There is an easy way forward on farm policy, and it is not contained in either the House or Senate versions of the Farm Bill that are about be considered by a conference committee. The answer is to extend current law, minus the indefensible direct payments program that almost everyone agrees needs to go.
Ranking the current farm subsidy proposals in the bills that have been approved by the Senate and the House helps shed light on what’s happening, and why extending current law—with simple, common-sense reforms—is the best and most realistic option. Rankings generally use a positive scale, say from one to ten, where ten is great and one is abysmal. But from an economic efficiency and equity (income redistribution) perspective, neither of the farm subsidy proposals passed by the House and the Senate deserves even a ranking of one. So let’s use a scale of minus 10 (diabolically irresponsible) to 0 (at least does no more harm than current law).
We should start with the truly feckless House Farm Bill, which genuinely earns its ranking of minus 10. Why does the House farm bill represent such a nadir in farm policy initiatives, and why is it worse even than current law and the Senate bill?
First, it would introduce an astonishingly wasteful and distortive new price support program, called price loss coverage (PLC). PLC would cost taxpayers billions of dollars each year if prices for crops such as corn, wheat and soybeans moderate towards their longer run historical levels, as is quite likely over the next five years. It also guarantees rice and peanut producers very large subsidies in most years, and will allocate most of the total subsidies to the largest 15% of farms whose owners on average earn over $140,000 per year and whose wealth is measured in multiple millions of dollars. All of this from a brand new program.

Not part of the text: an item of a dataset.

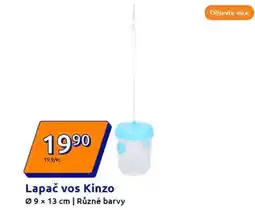 Action Lapač vos Kinzo nabídka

Second, the House bill includes a new heavily subsidized crop insurance program (called the supplemental coverage option) that is likely to cost taxpayers over $2 billion a year—about 20% of which will flow to crop insurance companies for almost no work and absolutely no risk (the CBO cost estimates for this program, which are much lower than this number, are widely viewed as gross underestimates). Once again a new program.
Third, the House bill places no limits on crop insurance subsidies to individual farms, which in the case of thousands of the largest and richest farms, exceed $100,000 a year and, in some cases, one million dollars a year. Regardless of their political persuasion, who believes that is a just and equitable use of tax payer funds? Probably no one: apart from the recipients, legislators from the constituencies in which they reside, and crop insurance companies and agents.

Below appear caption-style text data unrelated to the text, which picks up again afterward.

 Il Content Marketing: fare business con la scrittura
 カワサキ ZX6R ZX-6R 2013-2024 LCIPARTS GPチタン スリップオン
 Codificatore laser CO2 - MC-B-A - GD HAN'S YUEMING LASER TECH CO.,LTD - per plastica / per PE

Fourth, the House bill fails to reform US international food aid by allowing genuine flexibility for local and regional sourcing of food aid to help desperately poor and disadvantaged people in places like Darfur, Ethiopia and Bangladesh suffering from man-made or natural disasters. Professor Christopher Barrett of Cornell University and others have estimated that requiring US sourcing and transport of food on US flag ships increases the costs of providing aid by 50%. More problematically, this also slows the delivery of such aid by many weeks and months. The result is a failure to deliver life and health saving aid to millions of the poorest people in the world.

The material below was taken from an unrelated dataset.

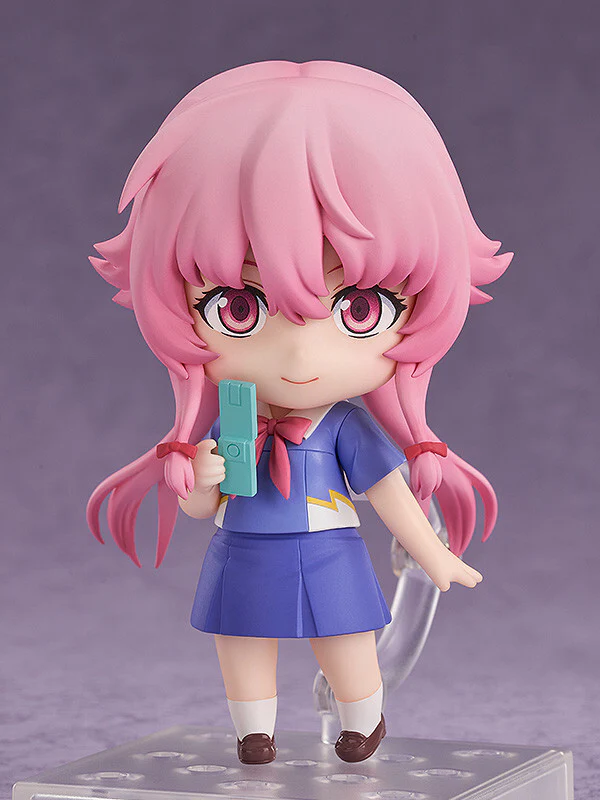 Mirai Nikki - Gasai Yuno - Nendoroid #2316 (Good Smile Arts Shanghai, Good Smile Company) - Image 2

Fifth, the bill includes a new subsidy program for dairy farmers that smacks of a Soviet approach to managing milk production through central planning by guaranteeing a minimum margin between milk prices and feed costs.
Finally, a score of minus 10 seems reasonable because the House bill could well increase total federal spending on farm subsidies by about $10 billion a year, even though it would terminate the $5 billion a year Direct Payments program – the policy under which farmers receive welfare checks for doing nothing. And most of that increase would go to the wealthiest farmers and landowners involved in agriculture.
So what about the Senate bill? Let’s give it a score of minus 5. It too introduces and continues truly poor policies. The Senate bill includes the new supplementary coverage insurance program, which also fails to limit crop insurance subsidies, fails to substantially reform international food aid policy, and contains a dairy margin guarantee program. So why does the Senate bill receive a somewhat less abysmal score? The reason is that the Senate’s new subsidy give-away program, called the Ag Risk Coverage program, gives away a little less than the House’s Price Loss Coverage program by loosely tying levels of farm income protection and subsidies to recent trends in crop prices instead of locking in subsidies to current record crop price levels.
Why give the Senate bill a score of minus 5? Because, after accounting for savings from terminating the Direct Payments program, and under plausible circumstances, the Senate Bill could well increase total spending on farm subsidies by about $5 billion a year relative to current law. Again, these funds would for the most part flow to the richest farmers and landowners.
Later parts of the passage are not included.